De la même manière, le surnaturel s’infiltre ici dans une chronique de l’adolescence et d’une famille dysfonctionnelle qui n’aurait pas dépareillé dans un film des années 80. Le décor choisi par Walter (une côte irlandaise maquillée pour les besoins de l’intrigue en province californienne) invite aussi à l’évasion dans tous les sens du terme. Petit à petit, il devient évident que la chasse aux colosses, dont les apparitions sont rares, mais tout à fait marquantes et impressionnantes, compte tenu du budget raboté en cours de production dont disposait Anders Walter, cache autre chose. Le film parvient à nous faire croire à l’existence de ces créatures chimériques, parce qu’elles permettent en retour à cette héroïne revêche et tourmentée de devenir la guerrière sans peur qu’elle se vante d’être.

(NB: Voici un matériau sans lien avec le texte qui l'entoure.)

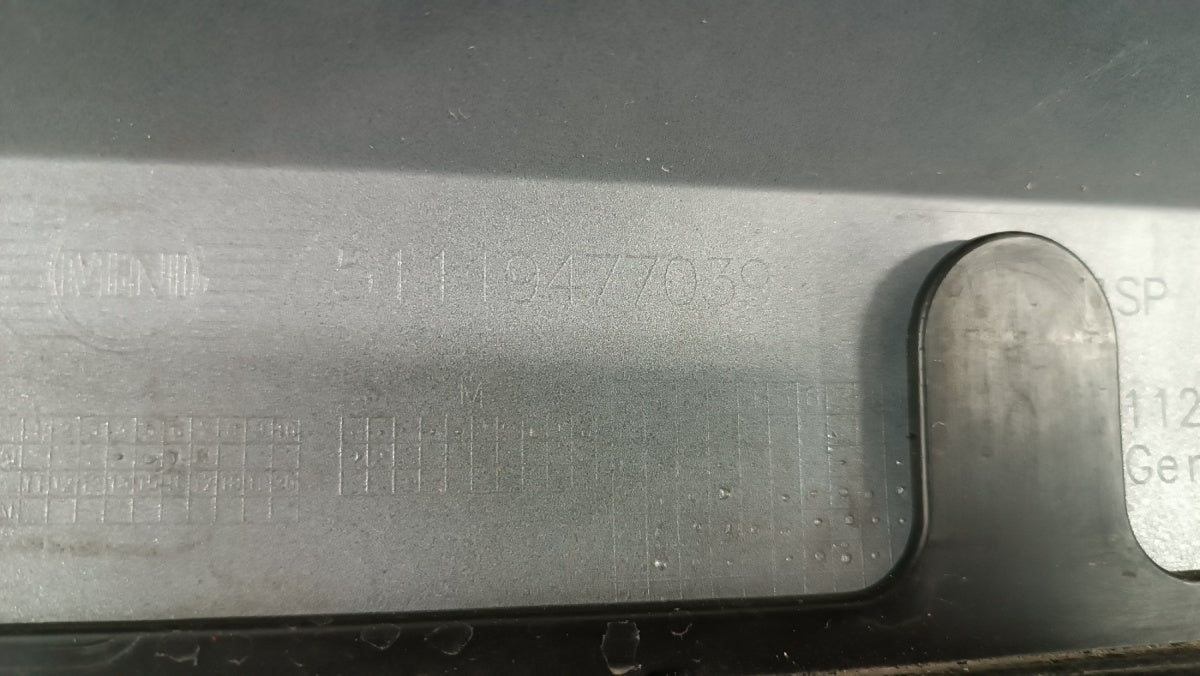 Prednji branik Mini Countryman F60 Lift LCI 20-23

Mais c’est un mystère plus douloureux que Chasseuse de géants invite à dévoiler. Pour ceux qui ont eu l’occasion de voir le très beau Quelques minutes après minuit de Juan Antonio Bayona, ce « twist » émotionnel ne recèlera aucune surprise. Même si la BD est antérieure au livre de Patrick Ness, ces deux adaptations partagent de nombreuses similitudes difficiles à ignorer, l’un étant pratiquement le pendant féminin de l’autre. La comparaison ne joue pas vraiment en faveur du film de Walter, plus compassé et moins puissamment allégorique que le Bayona. Malgré tout, la justesse de ses interprètes et la cohérence artistique du projet méritent qu’on s’attarde sur cet émouvant Chasseuse de géants, dont la dimension épique se niche finalement dans les yeux embués d’un enfant s’armant de courage pour affronter la plus terrible des épreuves.